Luc Besson has become a name best known for directing and producing action fare. But back in 1985, he was a little-known filmmaker with one dialogue-less feature to his name (the post-apocalyptic The Last Battle). With this minimal backdrop, he created the film that would make his first major mark and pave the way for what was to follow, the offbeat ensemble piece Subway.
Christopher Lambert (best known as the eponymous Highlander) is Fred, a safe-cracker invited to a high-class party on the whim of a bored trophy wife, Helena (Isabelle Adjani). He steals some papers from her safe and is pursued by her husband’s men into the Paris Metro. There, he gives them the slip and finds the subway is populated by an assortment of quirky characters, each with their own way of surviving in the underground after-hours world.
The meandering narrative weaves around the lives of Fred and Helena, as well as the police operatives (including a pair named “Batman” and “Robin”) and the miscreants and petty thieves who call the subway home. Amongst the latter are various musicians, who Fred takes it upon himself to for a band out of. They include a drummer, played by Besson’s ever-present friend, Jean Reno.
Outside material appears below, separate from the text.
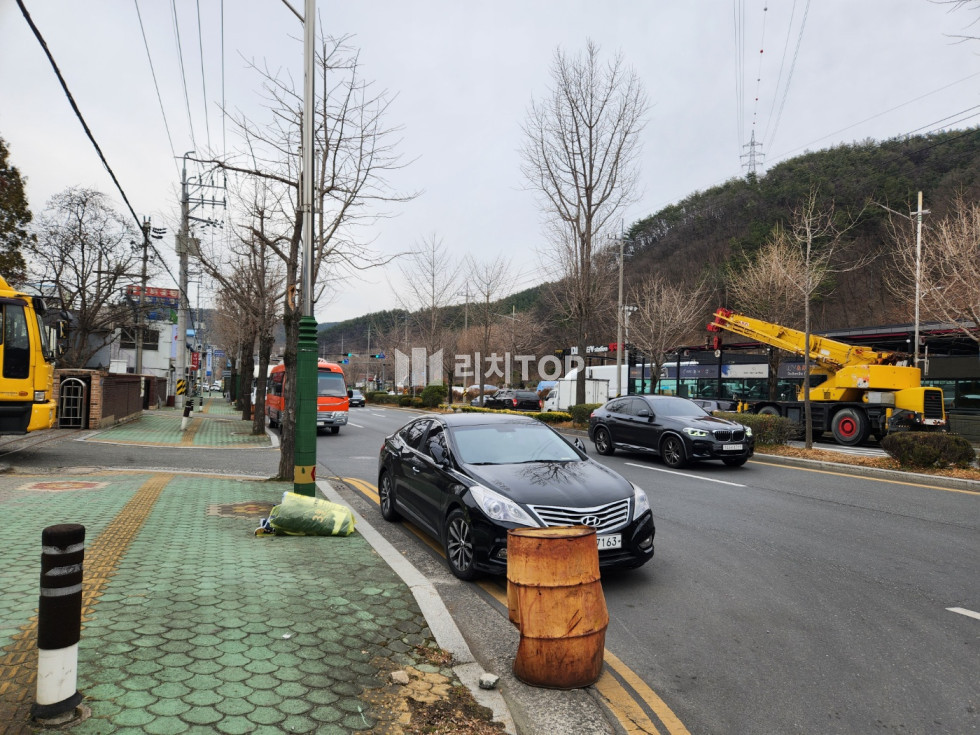 경남 창원시 마산회원구 내서읍 내서 중리 공장용지 매매 현재 자동차 정비공장 운영중 매매 매물번호 12126 사진 3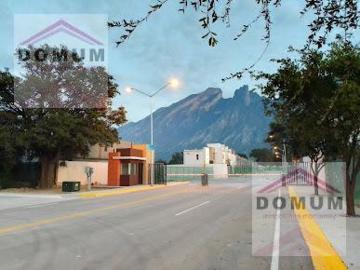 Casa en Residencial Privada Alamedas. Garcia, N.L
The plotting of Subway is clearly not Besson’s focus. Instead, he aims to depict a world that the general populace only brushes against. There are few scenes set outside the subway, but instead of being a constraint, Besson turns that into a virtue. The subway becomes a world in and of itself. It has brightly-lit shops and cafes on one side and gloomy tunnels full of fluorescents and rains of sparks.
The visual flair that would characterize Besson’s career is remarkably mature even at this early stage. He has a striking sense of cinematography that combines fluid, mobile camerawork with strong lighting choices that mean Subway is never less than a joy to look at.
The emphasis on the visuals does seem to come at the cost of other elements. Most of the characters are woefully underdeveloped, even Fred. Only Adjani’s Helena gets any kind of arc or depth as she is shown to rebel against her life of luxury for the vibrance of life amongst the subway underclass. Adjani herself shows off some of her power as an actress, including a fine line in comic timing that her classic looks may belie.
A drifting film that has some great moments and clear indications of talent behind the camera, Subway may not demonstrate the finished Besson article, but it is a worthy watch all the same.